Catie Come Home

Our adoption journey to Guatemala

April 18, 2005

A Morning of Tourism

Catie had another solid night's sleep last night, so all of us were well-rested for a day on the road. Dad is feeling better each day, too, though I can tell the heat is beginning to wear on him. It wasn't supposed to be so hot and hazy in Guatemala; that's what Washington, D.C., is famous for!

We started the day with a relaxing breakfast at the hotel again and left for a nearby coffee plantation at 8:30. The retired Americans who own the place bought it in 1991 as a place where their grandchildren could see how "the other half" lives, but they ended up turning the land into what sounds like a profitable business. I'd say they're doing even better now than when we visited three years ago upon adopting Elli.

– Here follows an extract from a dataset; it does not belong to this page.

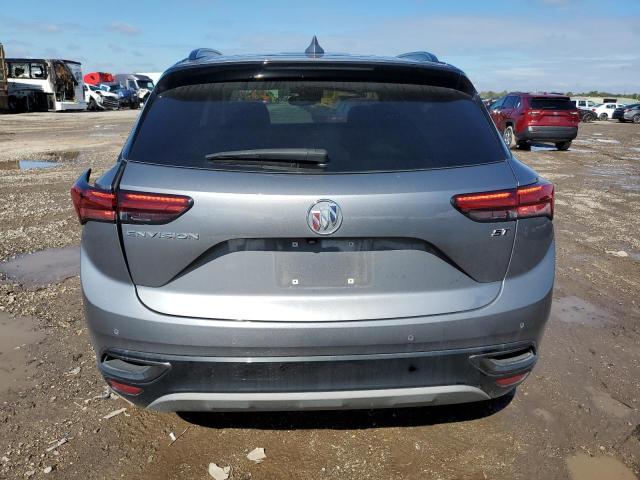 LRBFZNR49ND020734 - 2022 BUICK ENVISION ESSENCE GRAY photo 6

They do more than harvest and sell coffee now. They offer tours of the finca; they grow coffee trees to sell to other farmers here; they ship coffee directly to regular customers in the United states; and they just started raising "red wiggly worms" for use in their compost piles. (That is the owner's description, not mine, but they're different than nightcrawlers.) The owner even wrote and self-published a book last fall that tells his story of moving from the classrooms of America to a coffee plantation in Guatemala. The book, titled Detours, is available on We were going to buy a copy today but wanted to make sure we didn't run low on money, so we will order a copy when we get home.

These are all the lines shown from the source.